O Manual Brasileiro de Fiscalização de Trânsito (MBFT) também será atualizado para detalhar e padronizar os procedimentos adotados em casos de recusa ao teste.

Para o condutor que não realizar o procedimento, a regulamentação diferencia os enquadramentos, define como cada situação deverá ser registrada e estabelece que, em uma mesma abordagem, não sejam lavrados simultaneamente autos de infração por dirigir sob influência de álcool ou outras substâncias psicoativas e por recusar o exame comprobatório destinado a verificar essa condição, conforme os artigos 165 e 165-A do CTB.

Vigência

A resolução entra em vigor a partir de sua publicação no Diário Oficial da União (DOU).

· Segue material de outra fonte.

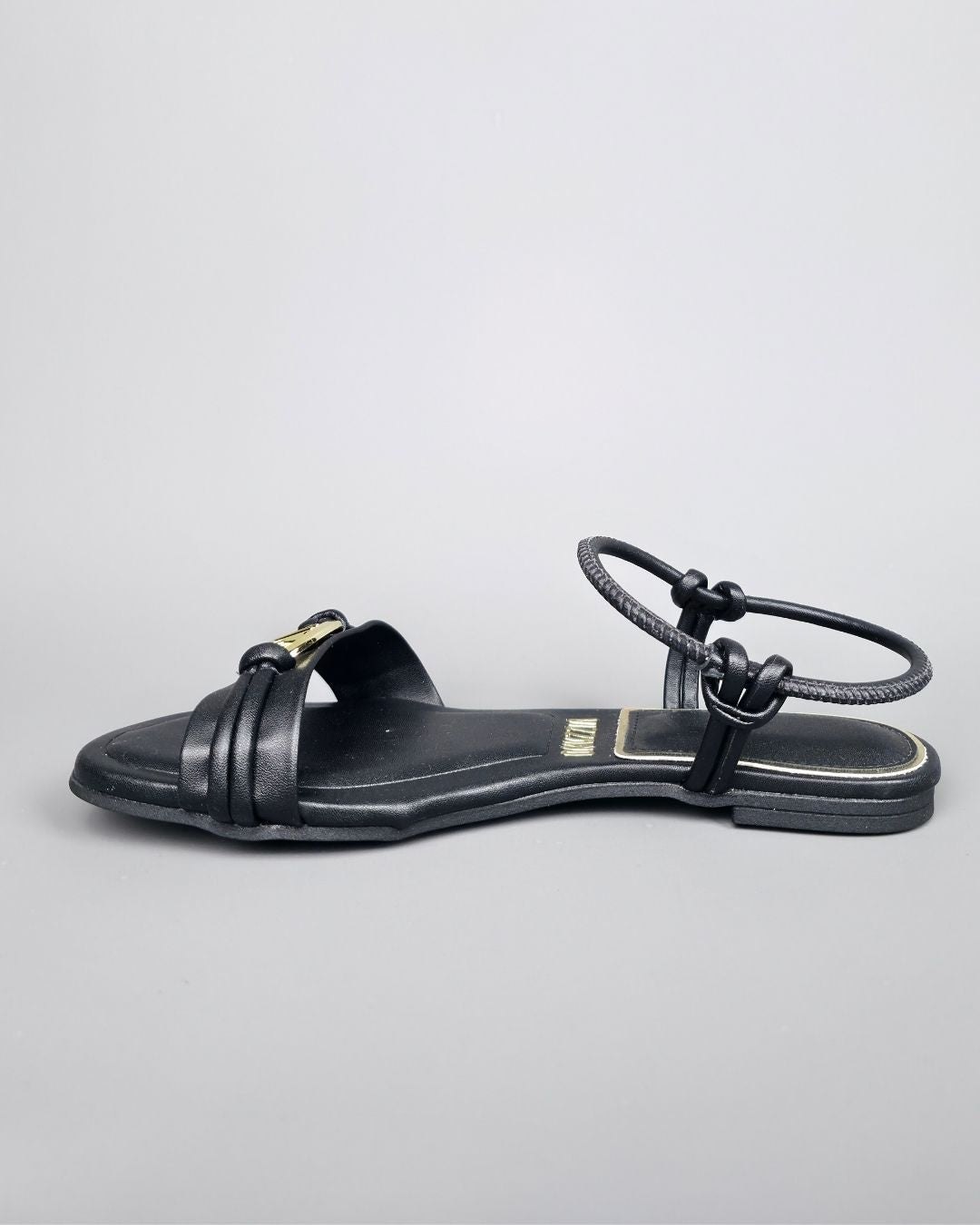 SANDALIA NEGRA VIZZANO DE DAMA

Já as alterações do Anexo III, que atualizam as fichas de fiscalização e os códigos de enquadramento das infrações, entram em vigor 60 dias após a publicação.

O prazo foi estabelecido para permitir que os órgãos e entidades integrantes do Sistema Nacional de Trânsito (SNT) façam as adaptações necessárias em seus sistemas informatizados antes da utilização dos novos códigos.

Durante esse período, deverão continuar sendo utilizados normalmente os códigos atualmente vigentes.

Perguntas e respostas

A resolução cria uma nova infração?
Não. A infração continua sendo a prevista no artigo 165 do Código de Trânsito Brasileiro. A resolução regulamenta novos procedimentos de fiscalização.

O que são substâncias psicoativas?
São substâncias capazes de alterar o funcionamento do sistema nervoso central e comprometer a capacidade de dirigir, incluindo substâncias ilícitas e outras que possam causar dependência.

O equipamento identifica qual substância foi consumida?
Sim. A resolução prevê que o auto de infração deverá conter, entre outras informações, o tipo de substância detectada pelo equipamento.

O equipamento informa a quantidade da substância?
Não. O resultado é qualitativo e indica a presença da substância psicoativa, sem informar sua concentração.

Os equipamentos poderão ser utilizados imediatamente?
A utilização dependerá da disponibilidade dos órgãos fiscalizadores e da existência de equipamentos certificados de acordo com os requisitos estabelecidos pela resolução.

Os equipamentos precisam ser certificados?
Sim. Somente poderão ser utilizados equipamentos certificados no âmbito do Sistema Brasileiro de Avaliação da Conformidade (SBAC), por organismo acreditado pelo Inmetro.

O motorista poderá se recusar a realizar o teste?
A recusa continua sujeita às consequências previstas no artigo 165-A do CTB, conforme regulamentado pela resolução.

O agente ainda poderá utilizar sinais de alteração da capacidade psicomotora?
Sim. A verificação desses sinais permanece como um dos meios de fiscalização previstos na regulamentação.

O bafômetro deixa de existir?
Não. O etilômetro continuará sendo utilizado normalmente para a fiscalização do consumo de álcool. A novidade é a previsão de equipamentos específicos para outras substâncias psicoativas.

A fiscalização poderá continuar mesmo sem o novo equipamento?
Sim. A verificação dos sinais de alteração da capacidade psicomotora continua sendo um dos meios legalmente previstos para a fiscalização, assim como o etilômetro nos casos envolvendo álcool.

A resolução altera as penalidades previstas no Código de Trânsito Brasileiro?
Não. As penalidades previstas no CTB permanecem as mesmas. A resolução regulamenta os critérios de fiscalização e de comprovação das infrações.

Nota de transparência: Esta reportagem foi produzida com o auxílio de inteligência artificial para organização e aprimoramento do texto, passando por revisão, checagem e edição humana antes de sua publicação.